February 13, 2013 2:15 PM | Staff
Andrew "Zarf" Plotkin's acclaimed Shade is an interactive fiction game that sticks with you like a distant fever dream, or a particularly poignant nightmare. The way it subverted the confines of traditional setting within interactive fiction through matter-of-fact surrealism made it revolutionary when it launched over 10 years ago. It has no "solution" in the sense one expects.
Just last week, a port of Shade arrived on the iOS App Store; Plotkin calls it his first "real attempt to show IF to a mass-paying audience." Who knows what the masses will make of it?
While he's investing most of his efforts on Kickstarter-funded Hadean Lands, a full-scale interactive fiction effort slated for iOS, proffering something much smaller and more brief, like Shade (priced at $.99), is a way of further testing the waters of paid IF content and offering potential readership an entry point. The more recent Hoist Sail For The Heliopause and Home is set to follow, currently in Apple's queue for publishing consideration.
Reaching new audiences
"It's certainly true it's not a traditional game storyline, but that's part of its appeal," he says of Shade, which asks players to engage with a reality that starts falling away the more earnestly they try to anchor themselves therein.
"If there is actually an audience [on the App Store] outside of people who are gamers, then it will be people who are interested in interesting stories," he continues. "You could say 'everyone in the Angry Birds audience,' but I'm not going to be reaching out in that mode. Not nearly as many people are in the storytelling adventure fandom."
...Yet. The ebook and e-reader age presents writers of interactive fiction with increased opportunity to reach an unprecedentedly large audience of players interested in engaging with text on portable screens.

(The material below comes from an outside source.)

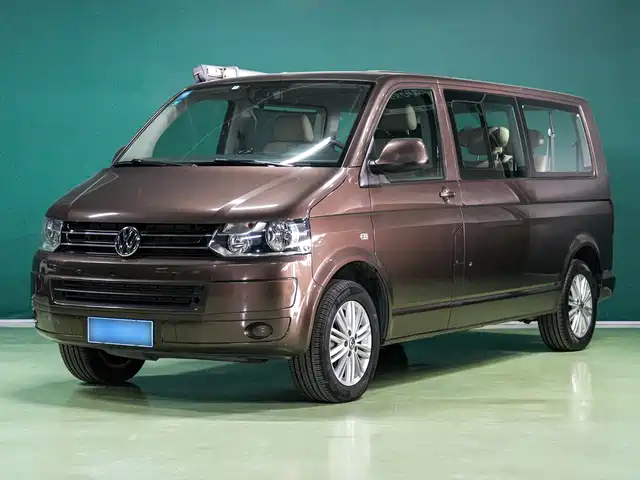 Volkswagen Kailuwei Kailuwei 2014 2.0tsi Four-Wheel Drive Comfort Version — фото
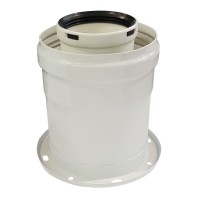 Adapteris vertik. dūmtr. d60-100 (100mm)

Shade adds something of an interface around its minimalist text experience, too: There's now a pad to sketch notes, while the protagonist's to-do -- a crucial spine for the gameplay -- benefits from being made visual, something the players can watch hauntingly evolve.
Feelies in the age of tablets
Usually interactive fiction games release with "feelies" -- visuals, sound files or supplementary information like maps, in a throwback to the Infocom age when object touchstones helped tie the text experience together (or acted as copy protection). Having something of an interface around IF on iOS helps create the idea of "things" similarly present.
For The Dreamhold, it made sense to include a map within the interface, to keep the interactive experience centered on text when past fans would have needed a deskside pen and paper to draw their own.
Of course, in a genre that thrives on descriptive text, letting players use their imagination and sometimes deliberately withholding information from them, imagery needs a very careful hand. "It's always a challenge thinking about what to put in," Plotkin says. "In this case I'm re-releasing games that already exist and I'm not recompiling them... so I have to be careful that anything I ad to that is changing the presentation. I'm being very conservative about what goes out through that channel."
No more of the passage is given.